AI model for accurate prediction of organic PV efficiency


From pv magazine Australia

From her slapdash home office, researcher Nastaran Meftahi has built an AI algorithm that can quickly and accurately assess potential PV materials, while shedding light on the ways in which sequences of chemical compounds combine to convert solar light into electricity.

Meftahi described the model in a paper that was published in Nature earlier this month. The model is now available to download for free from Github. For Meftahi, the decision to make the algorithms accessible to the public was a no-brainer.

“One of the greatest challenges of using a developed machine learning model for other scientists is the accessibility of the actual models. There are so many models available in the literature but in order to use them, you need to develop the model from scratch and that is not an easy task,” Meftahi told pv magazine Australia. “I wanted to make sure that anybody by a few clicks can have access to the algorithm that can predict PCE [power conversion efficiency] … if anyone can use our model to make better solar cells, the whole world benefits.”

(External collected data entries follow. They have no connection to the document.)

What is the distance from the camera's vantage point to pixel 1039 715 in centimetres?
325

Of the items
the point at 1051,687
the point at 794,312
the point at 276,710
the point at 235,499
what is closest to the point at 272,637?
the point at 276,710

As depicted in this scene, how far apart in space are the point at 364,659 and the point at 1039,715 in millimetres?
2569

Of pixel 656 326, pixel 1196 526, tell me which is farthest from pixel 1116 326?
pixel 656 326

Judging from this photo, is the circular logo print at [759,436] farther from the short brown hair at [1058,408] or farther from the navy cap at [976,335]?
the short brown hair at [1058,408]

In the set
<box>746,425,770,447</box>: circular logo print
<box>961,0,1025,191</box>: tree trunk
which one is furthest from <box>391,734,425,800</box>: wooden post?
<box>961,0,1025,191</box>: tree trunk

It is only recently that attention has turned to organic photovoltaic (OPV) solar cells, which will be cheaper to make by using printing technologies. But sorting through the massive volume of potentially suitable chemical compounds that can be synthesised for use as OPV was a substantial barrier. It is precisely this issue that Meftahi’s model, which was developed with RMIT professor Salvy Russo and Professor Udo Bach’s team at Monash University, goes a way to solve.

Working model

To develop a solar cell device, there must be electron acceptor and electron donor materials. In the past, experimental scientists have had to manufacture devices, mixing different acceptors and donors one by one in the lab, and then measuring the photovoltaic properties. The task, unsurprisingly, requires tremendous time and resources.

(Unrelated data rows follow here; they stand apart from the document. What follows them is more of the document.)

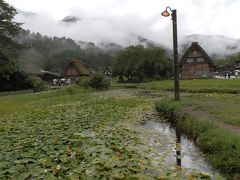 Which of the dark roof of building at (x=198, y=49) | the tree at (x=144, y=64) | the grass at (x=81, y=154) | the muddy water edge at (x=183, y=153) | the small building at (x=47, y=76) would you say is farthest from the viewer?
the small building at (x=47, y=76)

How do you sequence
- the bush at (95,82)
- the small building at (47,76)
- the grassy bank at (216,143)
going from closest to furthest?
1. the grassy bank at (216,143)
2. the bush at (95,82)
3. the small building at (47,76)

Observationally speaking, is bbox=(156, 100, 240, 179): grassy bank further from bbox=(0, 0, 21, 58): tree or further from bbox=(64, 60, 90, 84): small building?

The model can identify the combination of electron acceptors and donor materials with the highest PCE value. It can pick up fragments and show where efficiency increases and where it decreases. The new approach could help to significantly speed up the process of designing more efficient solar cells as the need for renewable energy grows.

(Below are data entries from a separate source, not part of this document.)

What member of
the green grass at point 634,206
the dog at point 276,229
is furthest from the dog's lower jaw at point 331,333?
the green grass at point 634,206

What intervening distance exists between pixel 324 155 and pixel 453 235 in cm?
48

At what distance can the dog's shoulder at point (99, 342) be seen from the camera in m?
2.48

Since the model was only published a few weeks ago, Meftahi has yet to receive any industry feedback. Fresh as it might be, she is already working on developing the model with a bigger data set. Currently the accuracy of the model sits between 70% to 80%, with R2 values of 0.72 and 0.83, achieved from a data set with 350 data points. Now, the RMIT researcher is working with a new data set consisting of 1,500 data points, using the larger and more diverse set to hopefully build an even more accurate predication.

Meftahi is hopeful she will be able to collaborate with her colleagues at the ARC Centre of Excellence in Exciton Science. Co-researcher Professor Dave Winkler of CSIRO’s Data 61Monash UniversityLa Trobe University, and the University of Nottingham all supported Meftahi in her work.